İsmin gücü Kabalizmde de yer alır, onların tanrısının (ki, bizler onun Allah olduğuna inanmamaktayız) adı bilinmez, bilindiği düşünülse de söylenmez (yerine “yedi katlı isim” adı kullanılır). Ayrıca tradisyonda eğer bu isim bilinse ve tersten söylense cennetin ters döneceği inancı yer alır. Yani ismi bilmek ve söyleyişte değişiklik yapmak, isim sahibini (isim sahibi bir tanrı olsa bile) etkilemektedir.
Bizler ise -bildiğiniz gibi- sırtını elden geldiğince, aklımız yettiğince, bilime dayayan okültistleriz. Dayandığımız bilim alanları öncelikle fizik ve aslında kuantum mekaniğidir. Kuantum mekaniği evrenin her an yeniden yapılandığını ortaya çıkartmıştır. Hem de -çok basite indirgersek- evren, insan beyni tarafından yeniden yaratılmaktadır. Eş deyişle “neye inanırsanız onu yaşamaktasınız”dır. Bu bilimsel gerçek dolaylı olarak Müslümanlıkta da doğrulanır; çünkü Kuran’de sık sık insanın Şeytan’a inanabileceği “kandırılacağı” şeklindeki uyarılar yer alır. Eğer her şey mutlak olsa, iyiliğin odağı olarak görülen Allah’ın evreninde kötü bir şey olamaz. Oysa insanın “kötü yola” kayabileceği hakkındaki uyarılar, evrende Allah’ın isteği dışında şeyler olduğunu söylemektedir. Bu da bizim bölünen evren teorisini güçlendirmektedir. İman ortamında dile getirirsek evren, insanın cennette Şeytan ile teşriki mesai yaptıktan sonra oluşan yerdir, ama tam Şeytan’ın mekanı değildir, orta noktadır. Bölünen veren teorisini destekleyen onlarca yaratılış mitinde yaratıcı (ya da yaratıcı tanrı ve tanrıçalar) son anda devreye girip ikiye ayrılmış parçaların bir arada çalışmasını sağlar… böylece evren bölünmüş, ama dağılmamış olarak kalır.
Bu bilgiler sonrasında insanların kesin kaderinin olmadığı, isterlerse şahane kaderler yaşayabilecekleri, yaşamıyorlarsa kendilerini suçlamaları gerektiği kadar, kesin bir isimlerinin olmadığı düşüncesi de ortaya çıkar. Kesin bir yapıları yoktur ki isimleri olsun! Orta evrene “değişmek” (büyük olasılıkla gelişmek, iyileşmek, evrimselleşmek) için gelinmiş, ya da daha doğrusu “çekilinmiştir”.
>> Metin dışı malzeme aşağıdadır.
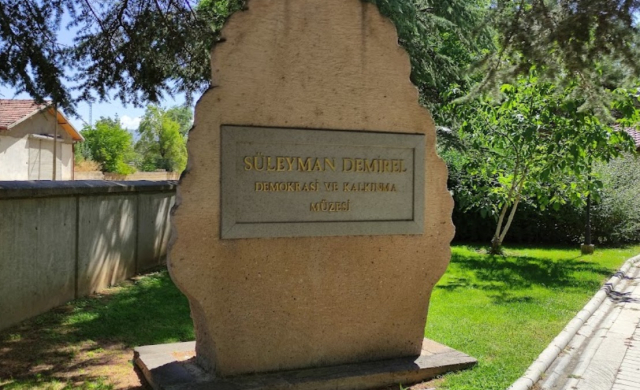 Suleyman Demirel Demokrasi ve Kalkinma Muzesi 21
Yeniden sizin rüyanıza dönecek olursak sizin görümünüzde yer alan isim, sizin evriminiz sonrası size layık görülmüş olabileceği için bence değerli bir rüyadır. Ayrıca hem tasavvufla ilgili, hem de bir mağarada geçmekte. Bizim inançta -anaerkil ezoterizmde- mağaralar kutsal mekanlardır. (Yahudilikte ise dağ başları… alın size yine bir polar yapı daha!)
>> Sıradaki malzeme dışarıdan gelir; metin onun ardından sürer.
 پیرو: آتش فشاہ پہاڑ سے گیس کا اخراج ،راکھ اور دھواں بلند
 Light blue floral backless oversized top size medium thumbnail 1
Verdiğim yanıtları onurlandırmanız ve beni teselli etmeye çalışmanız çok değerli tutumlar, teşekkürler ederim; bunları ifa edebildiğiniz için öyle şanslısınız ki… tabii ki ben de sizin gibi bir okuyanım (belki de sanal öğrencim2) olduğu için şanslıyım. Güzel sözler, ne güzel çakışma anları yaratmakta evrende…
Yahu, bir anda yeşil/pembe pırıltılarla yüklü kuantlar yarattık! Valla aferin bize… Bu kuantlar bu anda başkalarının kuantları ile senkronize olacak ve evrende bir kötülük engellenecek. Nezaket ve güzel sözler böyle bir şey işte…
DİP NOTLAR
[1]
İsmin, kaderi etkilediği inancını içeren ezoterizm disiplini. Bu konuda pek çok örneği Kabalizm, mitoloji, hatta Tevrat’ta bulabilirsiniz.
[2]
Öğrencilerim olması beni sevindirse de, öğretmen olmaktan pek hazzetmediğimi ekleyeyim: Ben öğretici değil, söyleyiciyim. Öğrencilerim ise laflarımı beğenip, benimseyenlerdir. Beğenen benimser, beğenmeyen benim lafları sollar, yoluna devam eder. Bu yüzden bizim eğitime “eğitim” denmesinden de hoşlanmıyorum, ama benim duygu ve hedeflerimi anlatacak tek bir kelime ne yazık ki yok ve mecburen en yakın anlamlı sözcük olan “eğitim”i kullanıyoruz.